The drills require meditative focus and precision, which appealed to me. But learning them was like starting over, deleting old patterns while at the same time acquiring new ones, and that was seriously disorienting. I mastered the first drill, sweet spot — lying balanced on your side in the water with your arm outstretched — quickly. Zipper skate, which teaches the proper arm and hand position for freestyle, was no problem either. But I struggled with zipper switch — in which you alternate arms rhythmically with your head facedown. The movement of arm, hand, and shoulder was different from what I knew, and I could barely stroke across the pool. Suddenly I had no clue how to do an activity I’d been practicing for decades. For what seemed like forever (it was probably closer to six weeks), I did nothing but drill and wonder whether I’d be able to actually swim again. I felt as awkward as I ever had in my life.

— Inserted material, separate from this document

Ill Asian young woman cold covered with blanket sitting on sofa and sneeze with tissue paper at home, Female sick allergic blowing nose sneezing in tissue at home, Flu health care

Then, suddenly, it fell into place. This pattern — mastering something quickly, then struggling with the next step, then figuring it out physically and neurologically rather than cognitively, and finally having it feel so natural I would forget what I used to do — eventually became the norm.
Real swimmers now breathe both to the right and the left in freestyle. This wasn’t the case in 1954, when I had a few lessons with a genuine Olympian — Charles Norelius, the 1906 freestyler, who as a genial elderly man taught at a resort my family visited. Back then, I called the stroke the crawl, and I learned to breathe on one side only. As an extremely right-handed person, I can’t do anything on my left side — let alone something as complicated as turning my head, snorting out my nose, opening my mouth, taking a "bite of air," and closing my mouth without half the pool going up my nose. It’s not just frustrating, it’s panic-inducing. Working through my breathing fear and my embarrassment about that fear were my greatest challenges. Every time I struggled, I had to remind myself that my reactions were no reflection on my maturity, sanity, or ability. Being older both hindered and, ultimately, helped me: It took me a while to learn to breathe correctly, but I could talk about the problem and get help from Cari — an approach I certainly wouldn’t have risked in my less-seasoned youth.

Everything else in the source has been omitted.